|
Related Weblinks
Validity: An Exploration
Validity is the degree to which the inference (from a test score)
is defensible. We should not ask whether or not 'Test X is
valid', but rather: 'is this particular use of scores
from Test X valid'? A test result can be used properly or
improperly. This means that test consequence is part of validity,
whereas in the past it was downplayed. A good historical overview
of these matters is presented by Chong
Ho Yu.
Our belief about validity takes the matter of a bit further, and
in our book we advocate “effect-driven testing”, which
we define as keeping impact and consequence in mind every step of
the way during test development. To illustrate effect-driven testing,
here is an excerpt of an exercise from Unit C1:
- Select a test with which you are familiar, preferably one that
is at present still in development. Imagine: it is some two years
hence. The test is fully operational. It yields results on which
actual decisions are made.
Imagine two test takers walking out of your testing room in that
future, engaged in a conversation:
A: Well, that was not as rough as I thought it would be.
B: Not too bad. I agree.
A: About what I expected.
B: Just about. I agree.
A: Then why do I feel I have not learned anything? Why do I feel
that all I did was to take a test?
B: I don't know. I feel the same way.
Our activity in the book then asks what you did in test development
to lead to this situation. The test-takers are not complaining,
but at the same time, they feel vague disquiet about the educational
impact of your test. You probably intended your test to be a challenging
assessment of some important material, and you probably hoped that
students' preparation would help them to learn. You did not
get it quite right, and despite your best efforts, you overhear
a conversation such as this.

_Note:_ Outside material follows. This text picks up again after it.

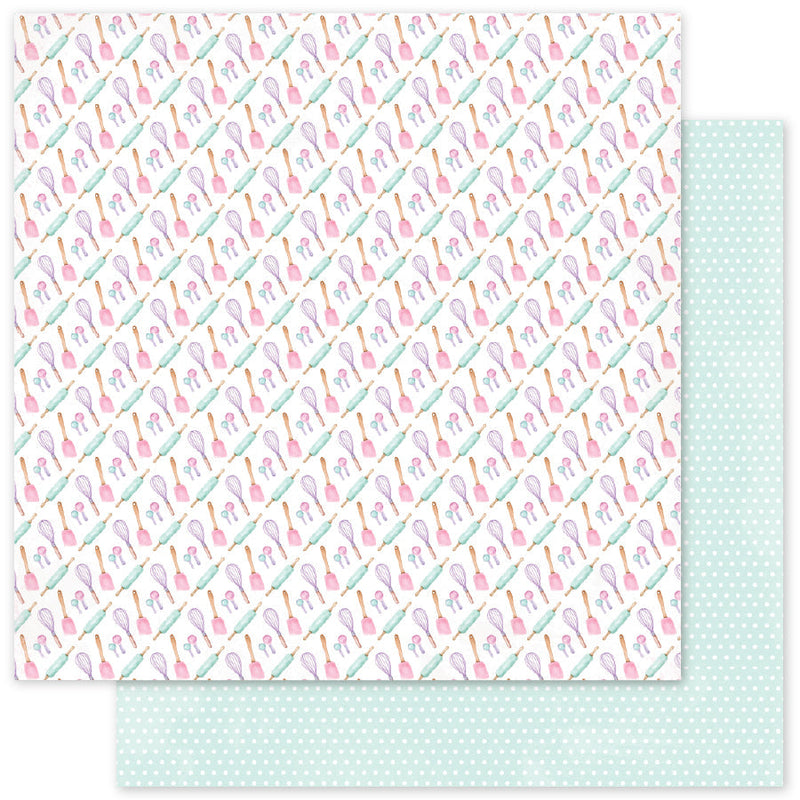 Little Bakers Patterns 12x12 Paper Collection 35023-6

What logical steps could you have taken
during test development to avoid this outcome?
Taken to an extreme, test consequence can lead to court challenges
of testing. Validity has legal implications, many of which are effect-driven,
and (we think) many of which could have been avoided if the test
developers had taught more about test effect as the test was developed.
For example, Rudner
and Farris present an interesting description of a validity
challenge in a home-schooling situation. Another famous class-action
case was argued in Florida in the 1980s: Debra
P vs. Turlington; that case was also a matter of test validity
because it dealt with the matter of test effect (or, as was argued,
effect that transcended the test's original purpose).

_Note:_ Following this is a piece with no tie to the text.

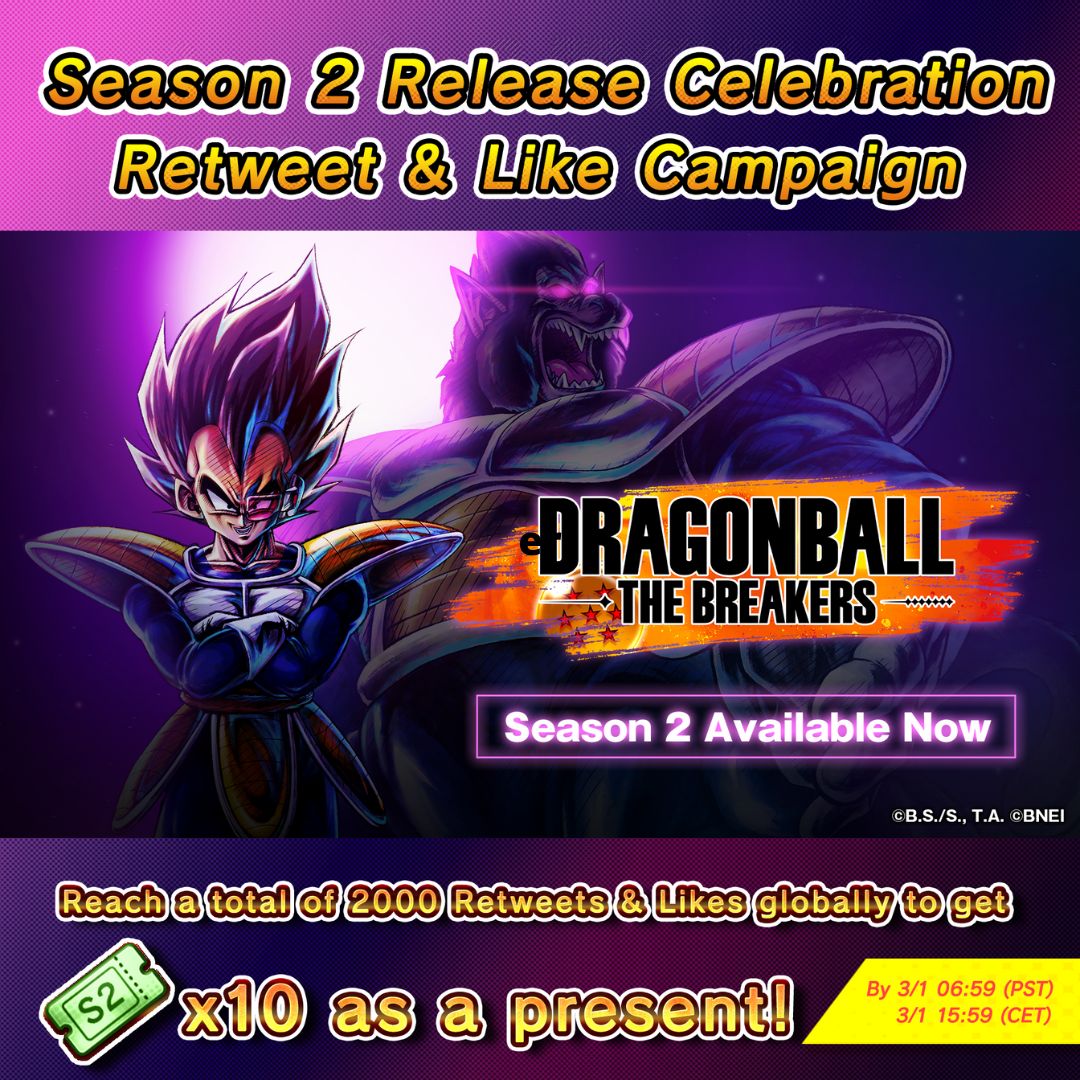 Dragon Ball: The Breakers on X: In the #DBTB Last Minute Trial, 2 new  transpheres will be available! You can receive tickets from the Mailbox  Robo at the base, and you're guaranteed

Our book is influenced by the philosophy
of pragmatism and the thinking of Charles
Sanders Peirce, whose writings are being edited into a major
new chronological
edition. Our endorsement of Peirce's pragmatism echoes both
the argumentative clarity of his work as well as the broader social
canvas on which modern pragmatists have painted – most notably,
Richard
Rorty. In his later career, Peirce strove to distance himself
from (in particular) William
James, who was among the first to extend pragmatism to matters
of society. Peirce even renamed his view to 'pragmaticism',
for he viewed effect as a matter of logical clarity and not as vast
social change and politically progressive thought.
The “interesting thing about the thing” (to quote Elwood
P. Dowd, a close friend of Harvey)
is that close focused logical work (pragmaticism) probably
makes social change and progress (pragmatism) feasible
at all. Consider again our two speakers in the C1 excerpt above.
These two people (at least) do not seem to be planning a court action.
At the same time, there was little positive washback
on their learning. Working through the logical imaginary history
of this test will help you to understand better both its desirable
impact as well as effects that you may wish to improve to avoid
such conversations. Test development is a matter of logical step-by-step
reasoning and close focused work, true to Peirce's later vision.
If you had gotten it right and if the test-takers were both satisfied
with the test and felt that they'd learned through their study,
then that's the most desirable effect and certainly, it is one that
reaches beyond the mere logical features of test development. It
reaches into their lives. |

|